Investors hoping for an acceleration in revenue growth from large-cap U.S. companies in 2015 are likely to be disappointed.

A bottom-up approach – that is, adding up the consensus estimates for each stock in the S&P 500 – shows that total revenue is expected to contract by 0.2 per cent year-over-year in 2015.

This projection suggests we're set up for a year in which an equity rally would be fuelled either by share buybacks, earnings growth through cost-cutting measures, or multiple expansion. On the surface, it also points to an air of complacency in the market – investors couldn't be too worried about stagnant revenues with stocks close to all-time highs.

However, RBC Dominion Securities Inc. chief U.S. market strategist Jonathan Golub contends that looking at overall revenue growth "understates trend growth due to an outsized impact from oil and the dollar."

Excluding energy, he observes, revenues are expected to rise 3.8 per cent in 2015, with revenues for the index as a whole up 5.8 per cent in 2016.

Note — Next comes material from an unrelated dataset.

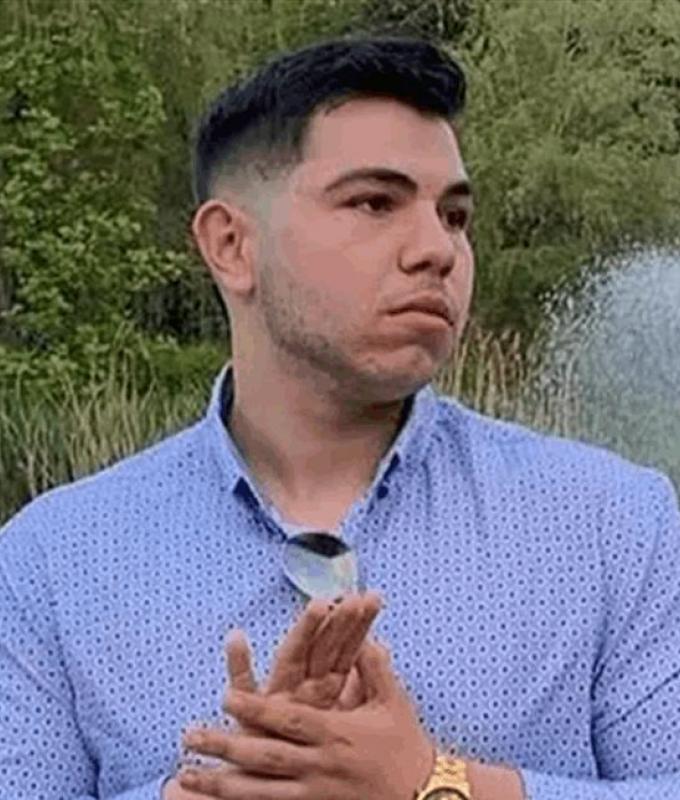 أثناء شحن هاتفه بسيارته.. طالب فقد حياته وسط العاصفة الثلجية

"Energy and the dollar are weighing on 2015 revenue numbers … however, these impacts appear to reverse in 2016," he writes.

However, these assumptions – that oil prices will rebound and the U.S. dollar's rally will pause – are far from foregone conclusions.

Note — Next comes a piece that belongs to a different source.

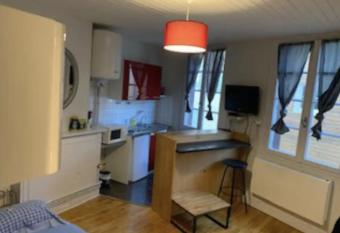 Studio 27 - 1e etage allows 18 year olds to book a room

Mr. Golub also believes that the bottom-up estimates for this year may be on the conservative side. Nominal GDP growth, which tends to move in tandem with S&P 500 revenue growth, is forecast to rise 4.6 per cent.

The second reading of fourth-quarter growth in the United States, due out on Friday morning, is expected to moderate to an annualized rate of 2 per cent. But according to Mr. Golub, forward-looking indicators like the ISM Manufacturing index point toward a pick-up in nominal GDP growth, and in turn, the revenue growth of S&P 500 companies.